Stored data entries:
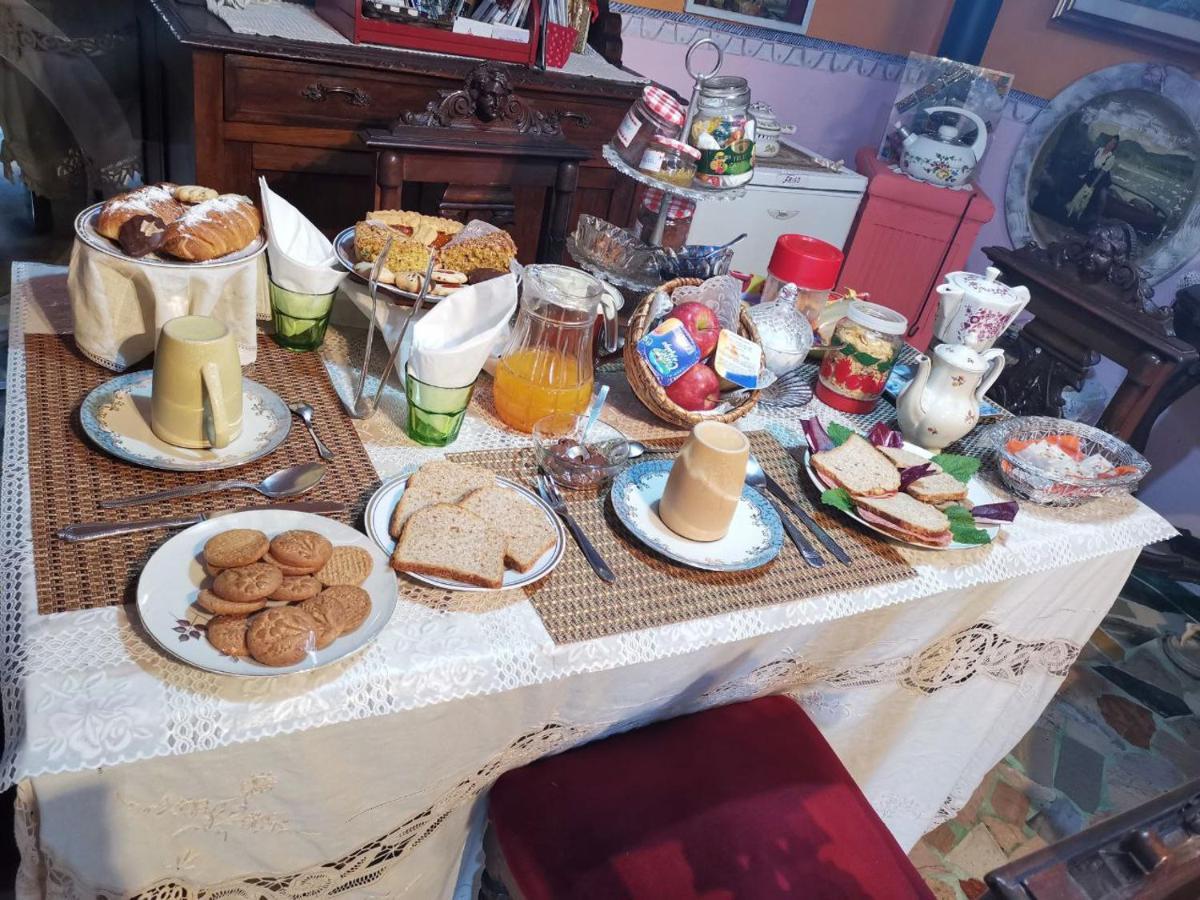 Art B&B La Casa Del Pittore Ревине-Лаго Экстерьер фото
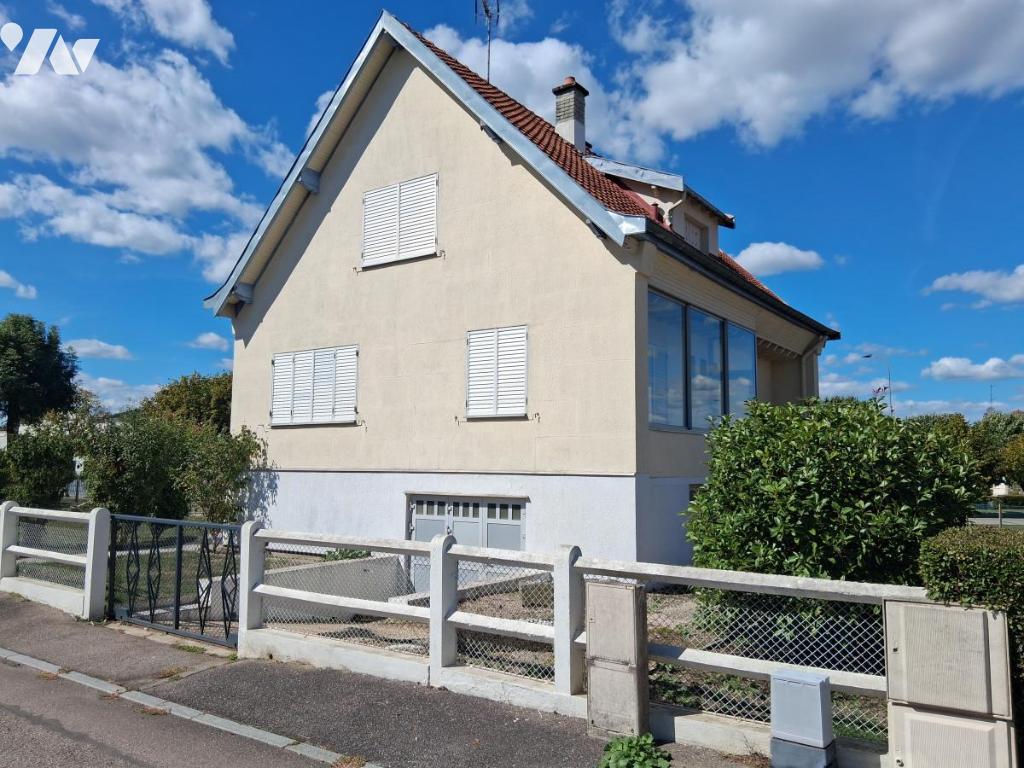 Maison 100 m² · à Vittel · 100 m² · 121 300 €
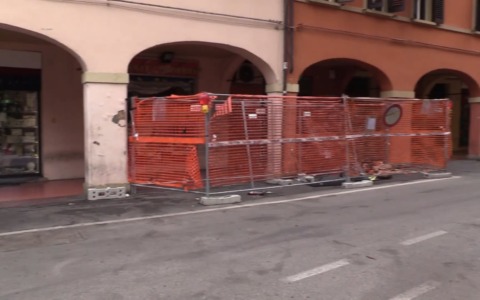 I residenti di via Mascarella hanno presentato un esposto per chiedere che venga ripristinata la zona rossa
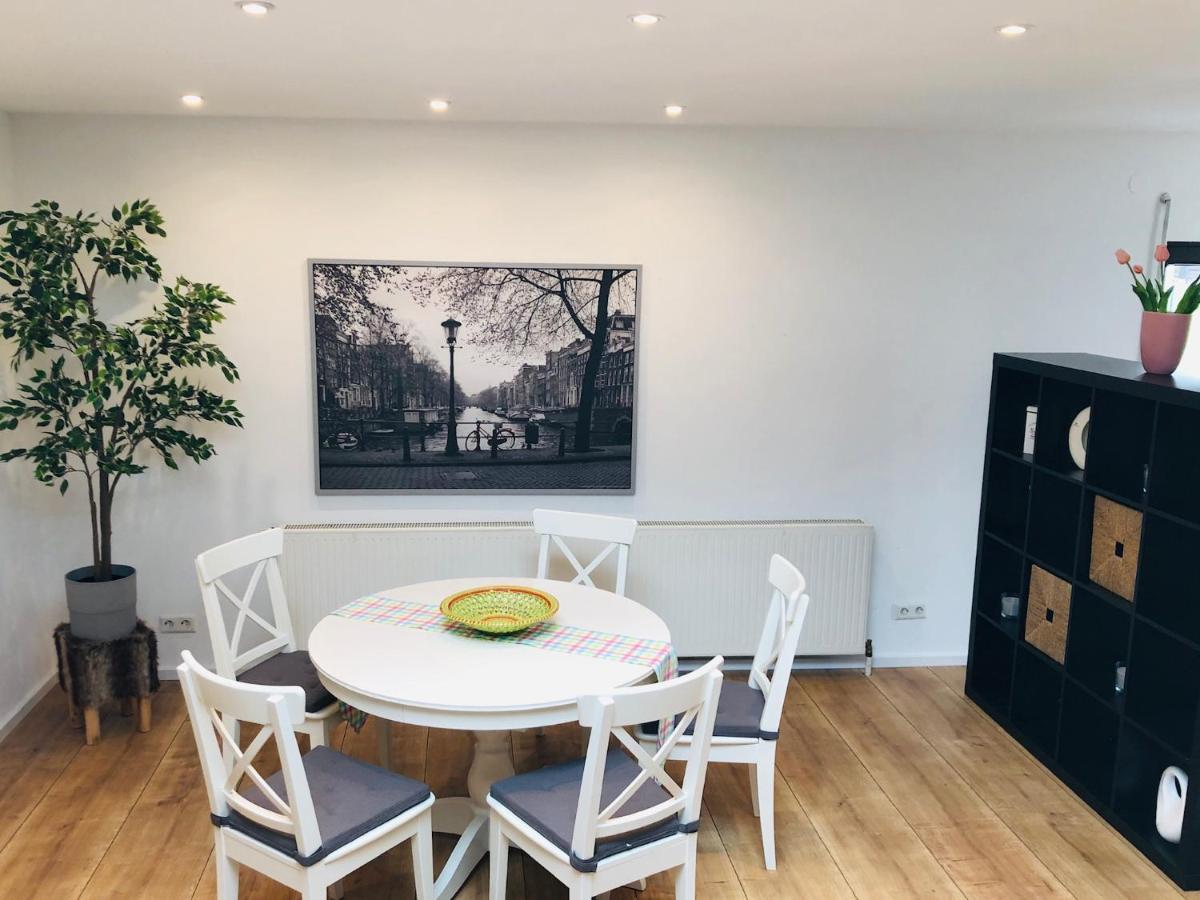 Haiger Ferienwohnung Tulpenweg Mit Kaminofen מראה חיצוני תמונה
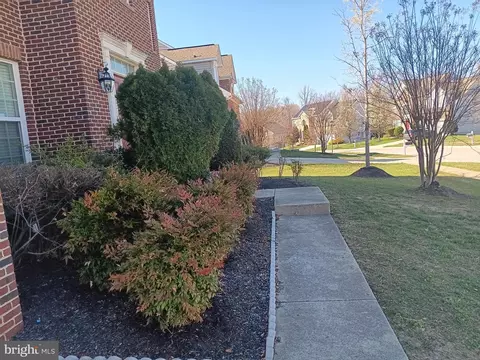 9707 Risen Star Dr, Marlboro, MD 20772 photo 3
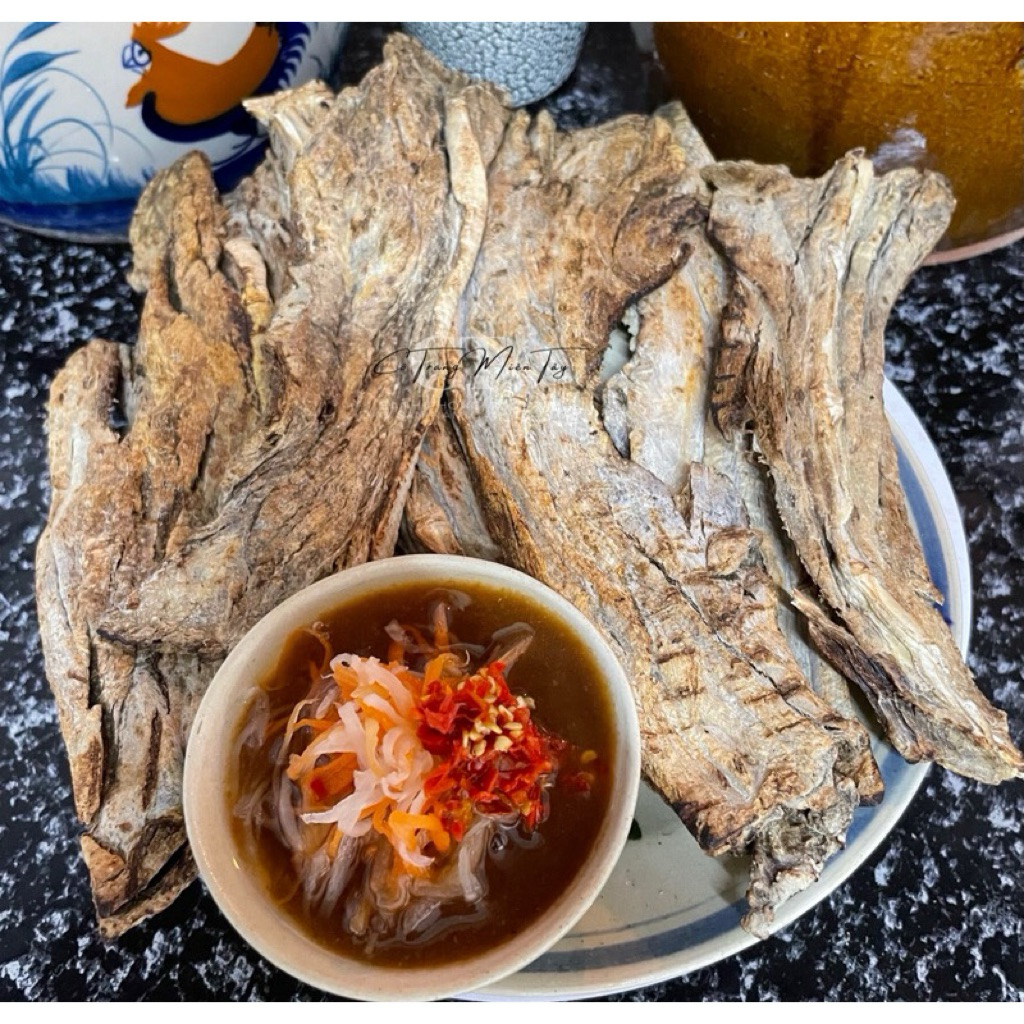 Khô Cá Đuối Đen Cô Trang Miền Tây Đặc Sản Năm Căn -Cà Mau ( 500gram)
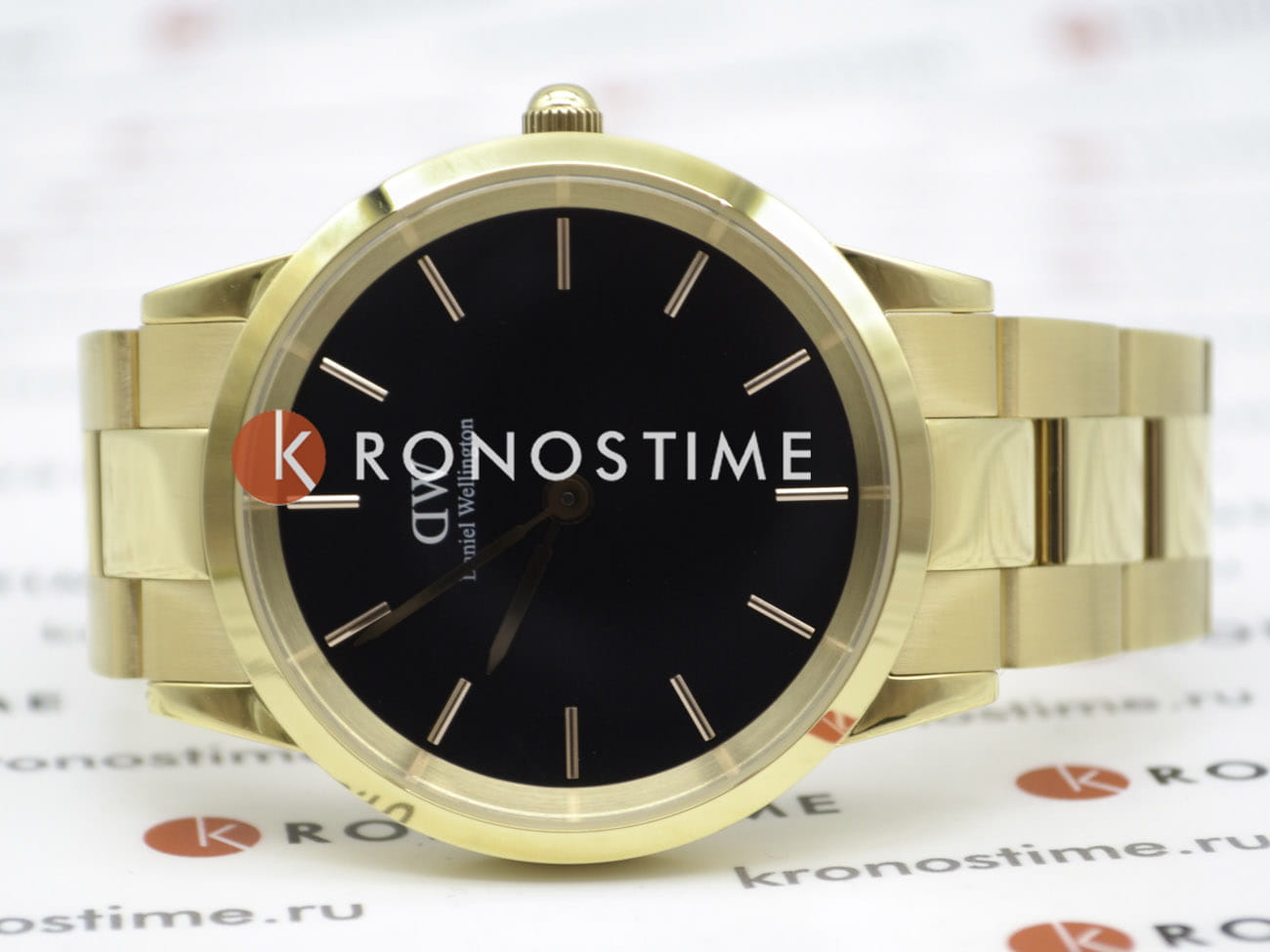 Daniel Wellington Daniel Wellington Iconic Link DW00100344  - задняя крышка металл сталь корпуса, швеция часы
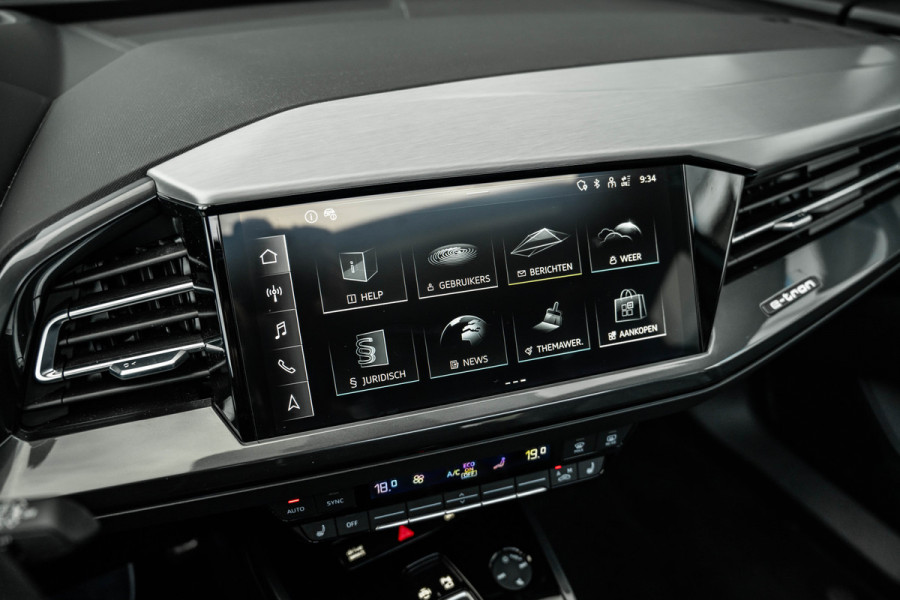 Audi Q4 e-tron 50 quattro S edition 77 kWh Matrix, ACC, Panorama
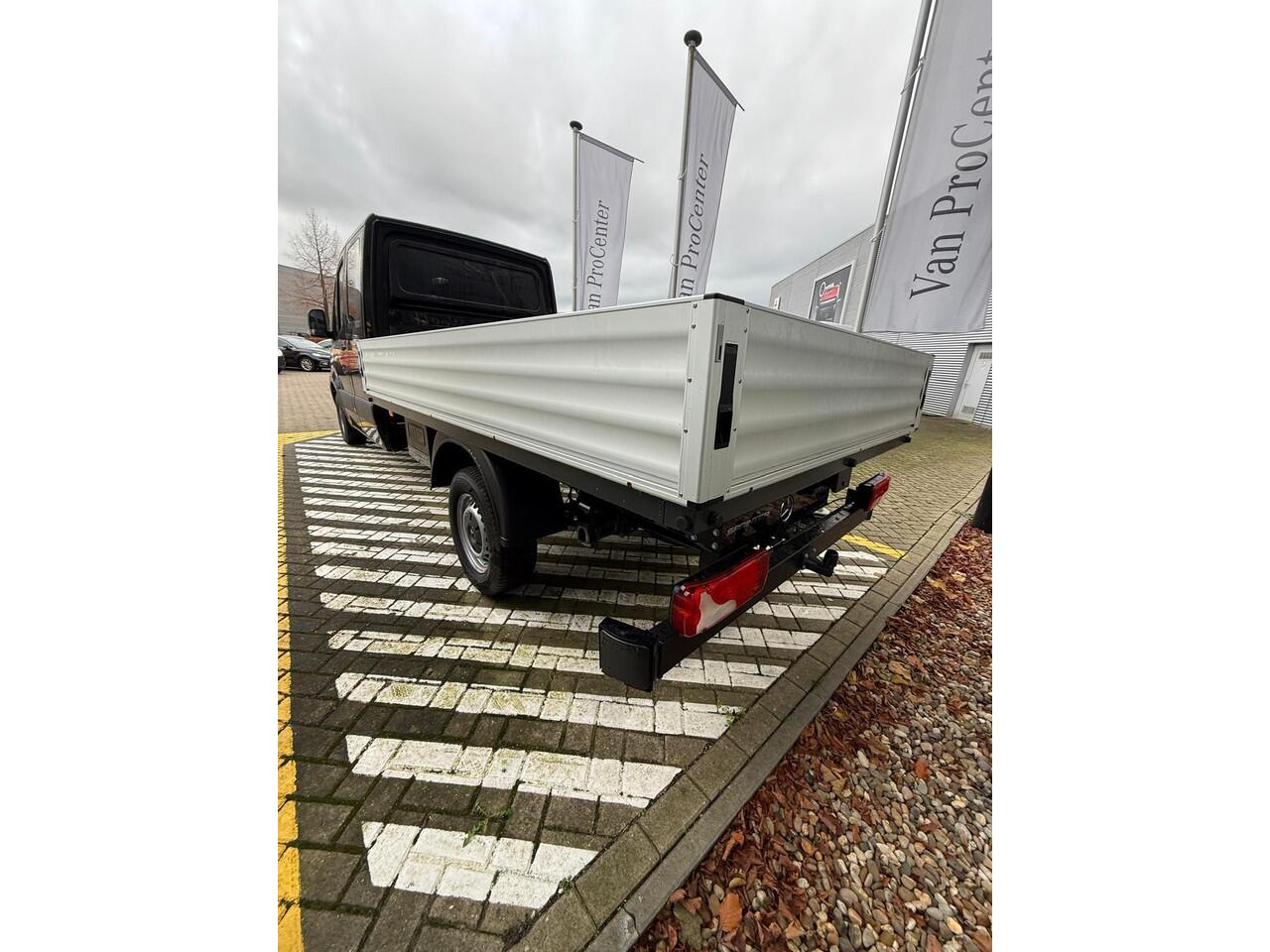 Mercedes-Benz SPRINTER 317 CDI Chassis DC L3 RWD PRO | LAADBAK | LED VERLICHING | 3500 KG AANHANGERGEWICHT | OPBERGKISTEN | BPM VRIJ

→ AIM OF THE EXERCISE
Repeat the data in full, exactly as it stands, but drop every picture.

→ OUTPUT FOR THIS EXERCISE
 Art B&B La Casa Del Pittore Ревине-Лаго Экстерьер фото
 Maison 100 m² · à Vittel · 100 m² · 121 300 €
 I residenti di via Mascarella hanno presentato un esposto per chiedere che venga ripristinata la zona rossa
 Haiger Ferienwohnung Tulpenweg Mit Kaminofen מראה חיצוני תמונה
 9707 Risen Star Dr, Marlboro, MD 20772 photo 3
 Khô Cá Đuối Đen Cô Trang Miền Tây Đặc Sản Năm Căn -Cà Mau ( 500gram)
 Daniel Wellington Daniel Wellington Iconic Link DW00100344  - задняя крышка металл сталь корпуса, швеция часы
 Audi Q4 e-tron 50 quattro S edition 77 kWh Matrix, ACC, Panorama
 Mercedes-Benz SPRINTER 317 CDI Chassis DC L3 RWD PRO | LAADBAK | LED VERLICHING | 3500 KG AANHANGERGEWICHT | OPBERGKISTEN | BPM VRIJ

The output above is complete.